Las mujeres pueden asumir, si ellas lo desean, con la religión de su padre, adaptándose a un modo de vida de acuerdo con la contemporaneidad, lo que contribuye al desarrollo de la persona sin diferencias de sexo o de cultura. Pero para eso es importante que los estados lleven a cabo las reformas necesarias para que el islam sea algo más que un código jurídico en el que la discriminación entre hombres y mujeres sea la regla evidente. Los itinerarios de mujeres, situados y fechados, citados anteriormente permiten repensar seriamente esta cuestión, teniendo en cuenta la importancia que reviste lo religioso cuando se trata del derecho de las mujeres, aun tratando de mantener las distancias, en la medida en que se trata de un sujeto histórica y políticamente peligroso, que exacerba las tensiones en lugar de atenuarlas.

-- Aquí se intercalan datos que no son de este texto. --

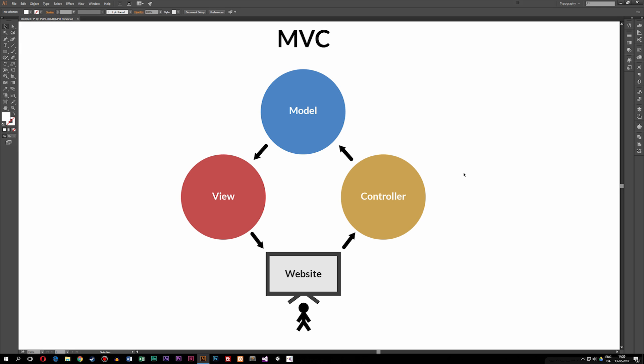Today we're going to learn about something called the MVC model inside object-oriented PHP programming. When it comes to object-oriented programming, we have a lot of different patterns we can choose from, and one of the more famous ones is the MVC model. So this is the one we're going to use in these lessons here.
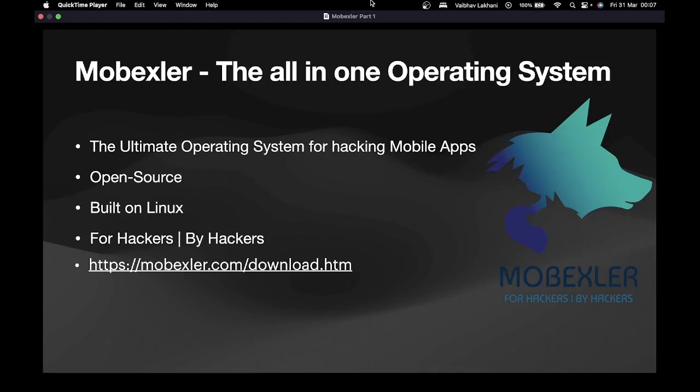Hello everyone, welcome to Module 2 of this course. In this module we are going to learn how you can set up your environment in order to pentest iOS applications.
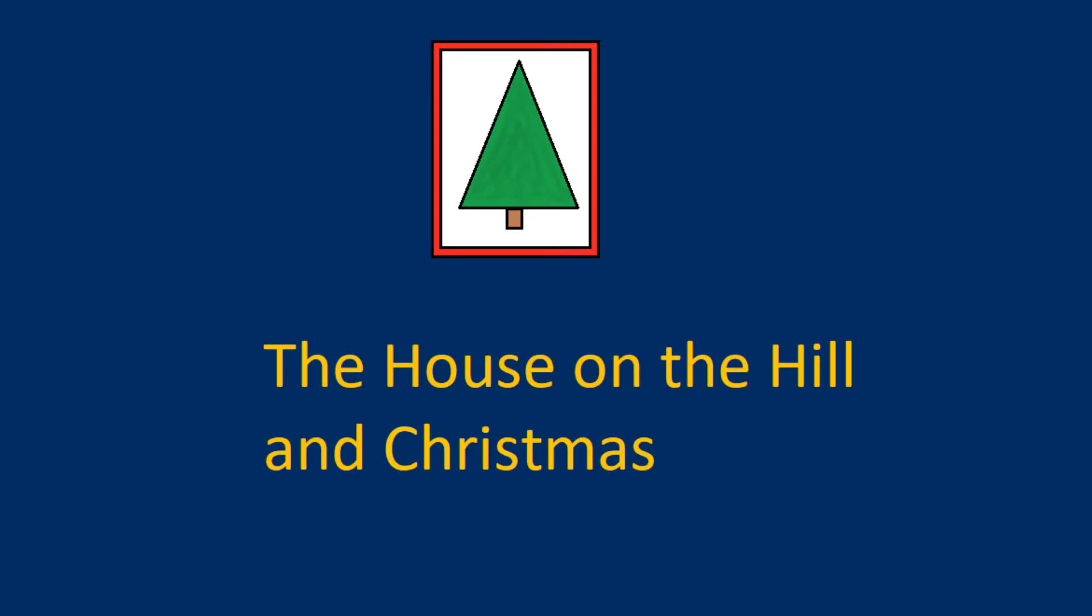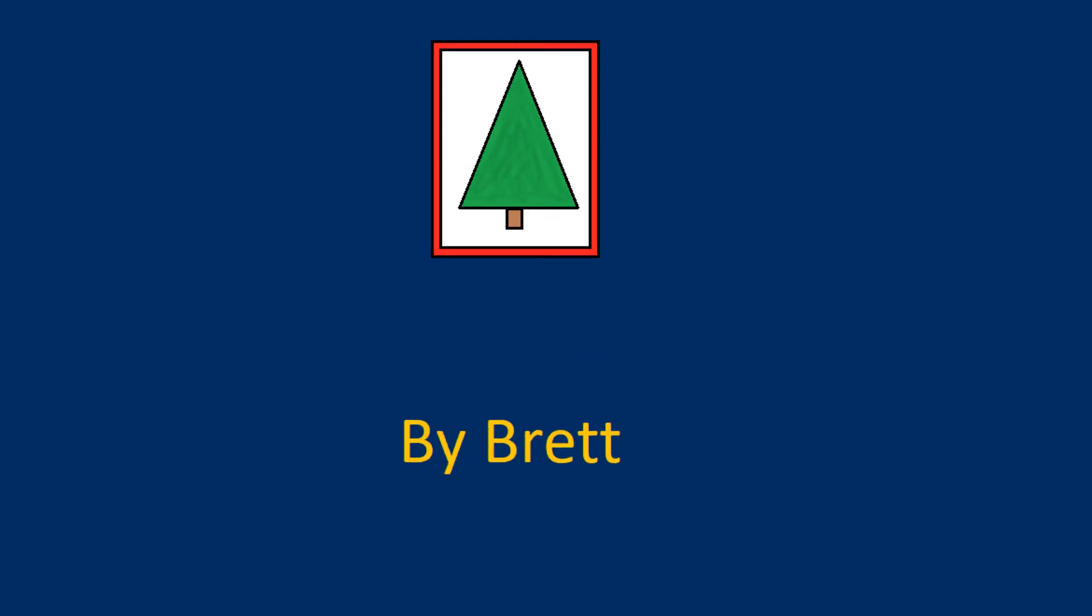Hello, hello, welcome to Christmas time. Welcome to Christmas time.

En efecto, existe una deriva que puede revelarse muy peligrosa para las sociedades contemporáneas: la de «colgarse» de la religión en vez de interpelar directamente a los estados, que, como es bien sabido, tienen mucho interés en parapetarse detrás del fenómeno religioso para no resolver los problemas de la sociedad, como ciertos países ya han hecho —por ejemplo, Turquía y Túnez— en momentos importantes de la historia de esa zona del mundo. Sería deseable que todos tomáramos como modelo a esos países, que han representado la vanguardia del mundo musulmán. Estas disposiciones contribuirían a que las mujeres no se vean desgajadas de su cultura, a veces elemento integrante de la identidad colectiva, y de la apertura personal a la que tienen derecho.